=== EXERCISE MATERIAL ===

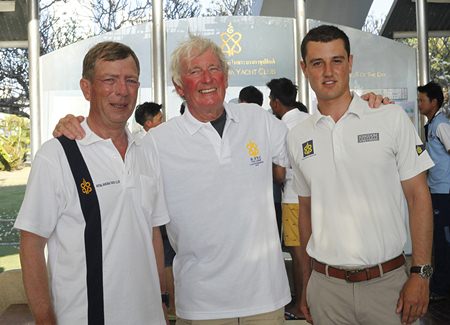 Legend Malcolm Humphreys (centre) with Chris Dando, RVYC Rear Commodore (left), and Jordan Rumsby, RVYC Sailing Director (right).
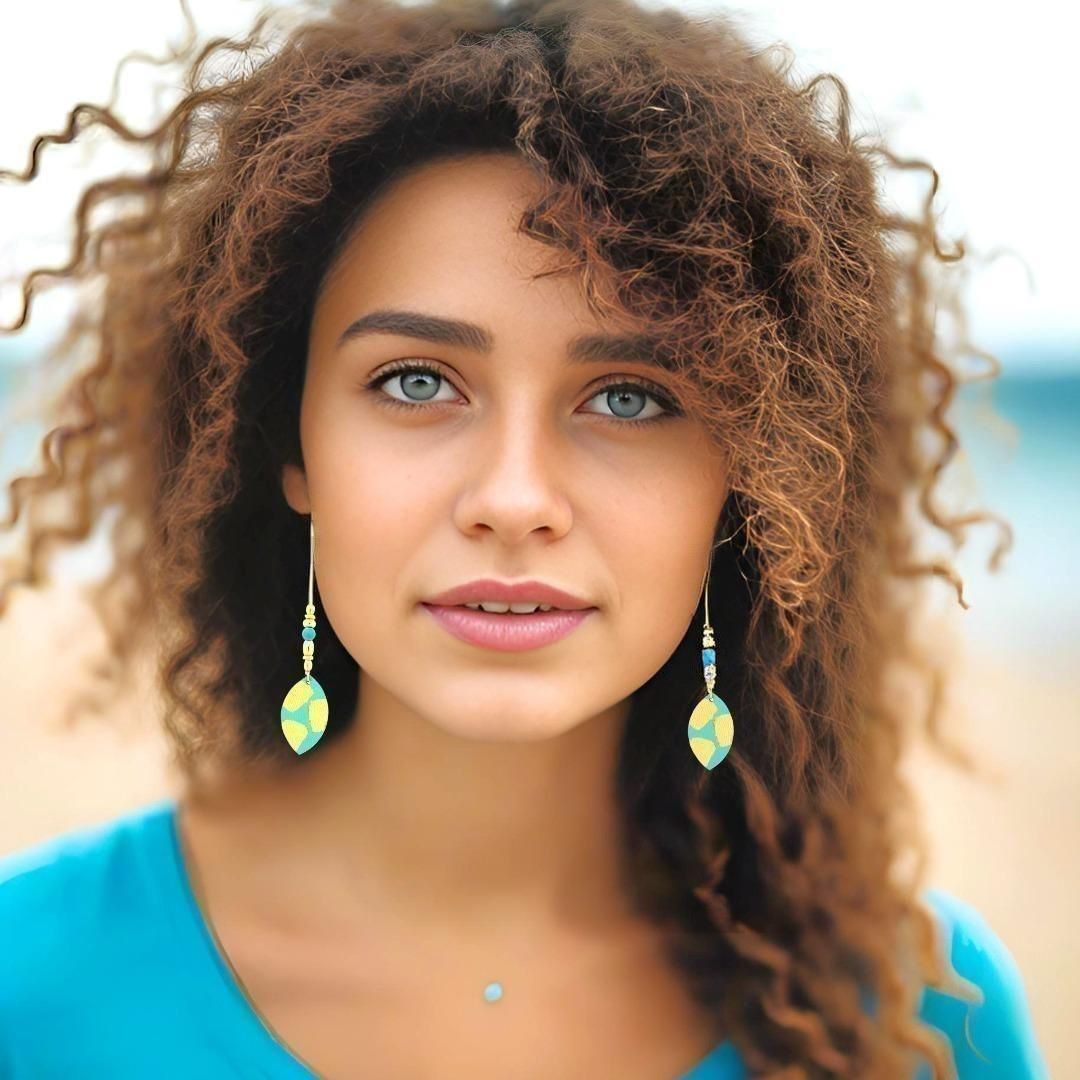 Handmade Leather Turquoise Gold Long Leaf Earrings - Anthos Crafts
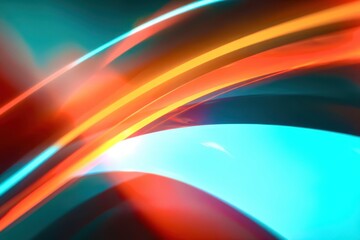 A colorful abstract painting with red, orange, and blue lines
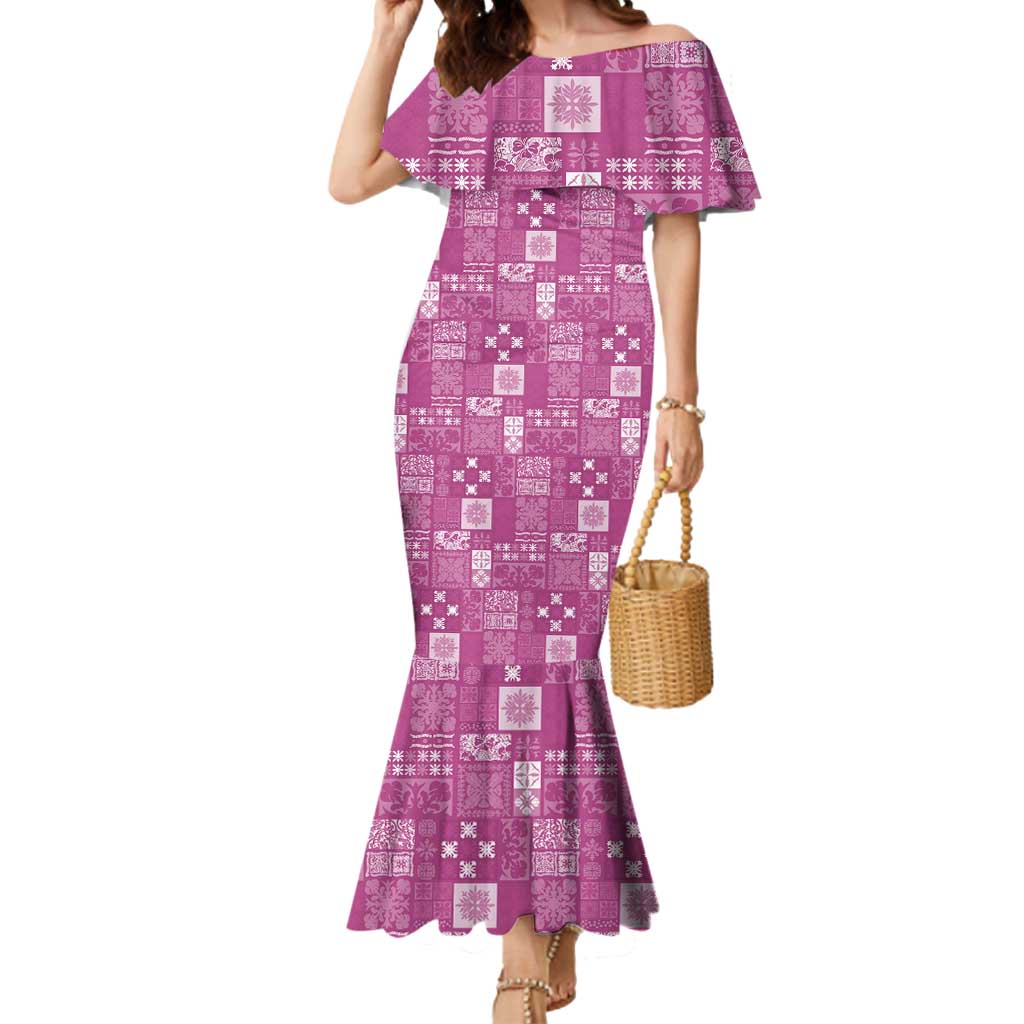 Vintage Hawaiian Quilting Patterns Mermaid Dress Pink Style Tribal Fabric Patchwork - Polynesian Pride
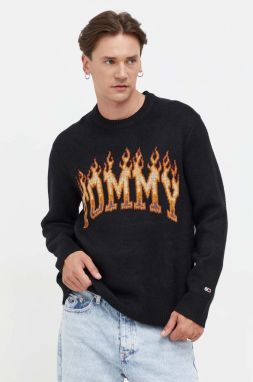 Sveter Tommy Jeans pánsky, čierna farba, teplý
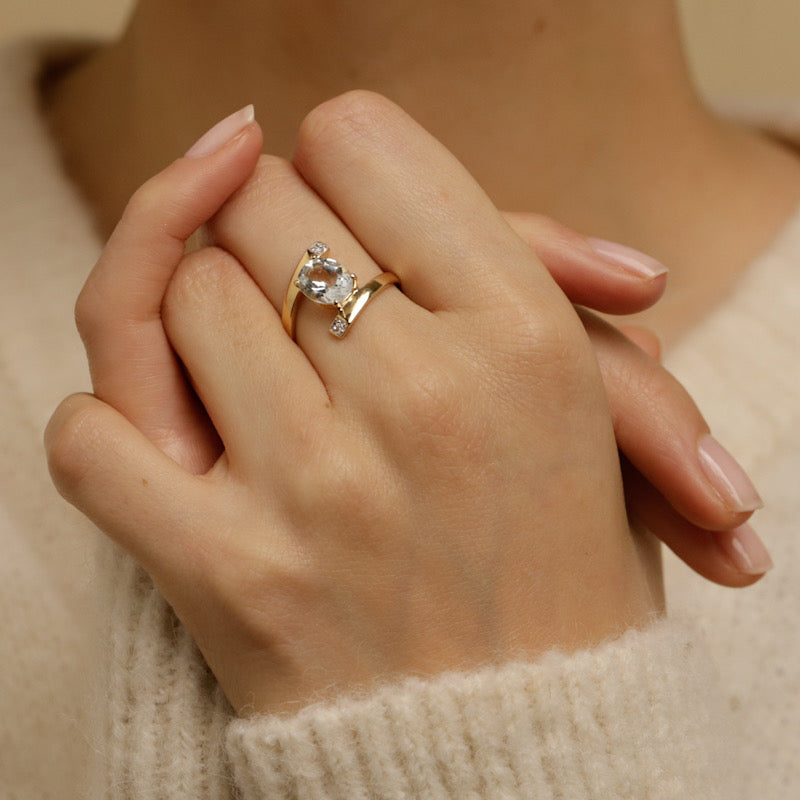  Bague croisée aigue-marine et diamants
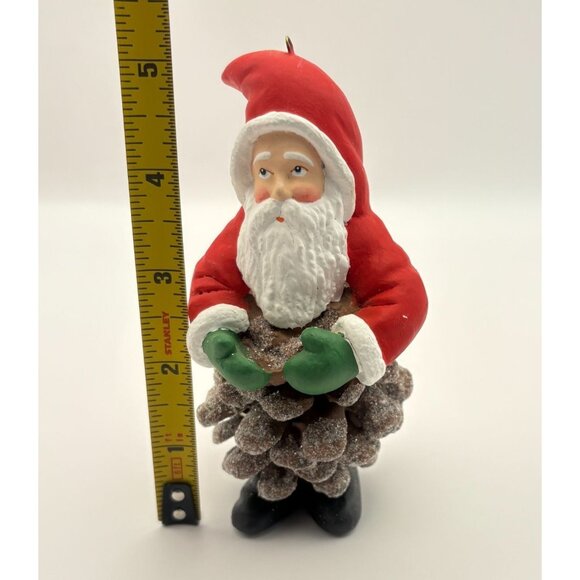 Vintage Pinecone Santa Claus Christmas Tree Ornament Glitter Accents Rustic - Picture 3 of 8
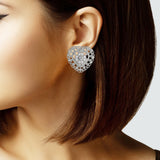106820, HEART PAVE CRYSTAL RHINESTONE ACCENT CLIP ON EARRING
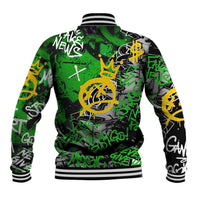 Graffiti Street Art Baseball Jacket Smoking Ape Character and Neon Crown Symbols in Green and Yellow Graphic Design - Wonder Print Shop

===

Without the pictures, set down the lines above from the line with "Sveter Tommy Jeans" up to and including the line with "106820, HEART PAVE" exactly as they stand.

# EXERCISE OUTPUT:
 Sveter Tommy Jeans pánsky, čierna farba, teplý
  Bague croisée aigue-marine et diamants
 Vintage Pinecone Santa Claus Christmas Tree Ornament Glitter Accents Rustic - Picture 3 of 8
106820, HEART PAVE CRYSTAL RHINESTONE ACCENT CLIP ON EARRING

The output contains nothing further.